A study published earlier this year found that almost half of respondents to two surveys taken last January believed that people with a serious mental illness are more dangerous than members of the general population. In reality, however, less than 5 percent of individuals with a serious mental illness become violent. They are much more likely, in fact, to be the victim of a violent crime.
Such movies, and TV shows of the same ilk, also function fairly well as pro-police, pro-surveillance propaganda. Criminal Minds is probably the one I hate the most. By portraying a new evil genius on a weekly basis that can only be stopped by a hardboiled no-nonsense detective who doesn't follow the rules and various highly unconstitutional investigation techniques, they prime the viewership for acceptance of the real thing.

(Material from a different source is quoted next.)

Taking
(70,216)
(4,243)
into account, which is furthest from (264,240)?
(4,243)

As media role models they even encourage real police and those who aspire to become police to act in the same way. Nobody blinked when the PRISM scandal broke because we'd been seeing the same thing on CSI for more than a decade.
The issue is that mental illness is generally tragic, not entertaining. When one is in the business of crafting entertainment, poetic license is to be expected. Media perception of murderers amplifies the problem: you've heard of Lyle and Erik Menendez. You've heard of Scott Peterson. You've not heard of Ricky Abeyta, despite the fact that he killed twice as many people as the other three combined. Why? He didn't do it with any drama. He just went blood-rage and slaughtered a couple families. Only reason I know about him is it happened down the street from my grandparents' house. We're not particularly concerned with violence perpetrated for a reason we understand - we're interested in violence perpetrated for a reason we have to puzzle out. Thus the fascination with serial killers over mass murderers. Shoot up a Hollwood Video? nobody remembers. Make lampshades out of people's skins? Now we're talking a string of cheap slasher films. There's also an aspect of "ookyness" to mental illness; while schizophrenia is represented in 1% of the population of the United States, fully a third of all homeless people suffer from it. And while it's true that schizophrenics are more likely to suffer from violence than they are to commit it, they're also a lot more likely to commit it than sane individuals. There's disagreement about whether this is fundamental to the illness or an associated symptom due to an increase in substance abuse (self-medication) and an attendant participation in crime. We shun the mentally ill; florid portrayals of the mentally ill as "other" is probably more an effect than a cause.
Interesting article. But talking about inaccurate portrayal, which subject is ever portrayed even remotely accurately by Hollywood? You don't make money by being accurate. Because that would require far more intelligence which beyond most of the people busy munching popcorn and gulping a giant coke.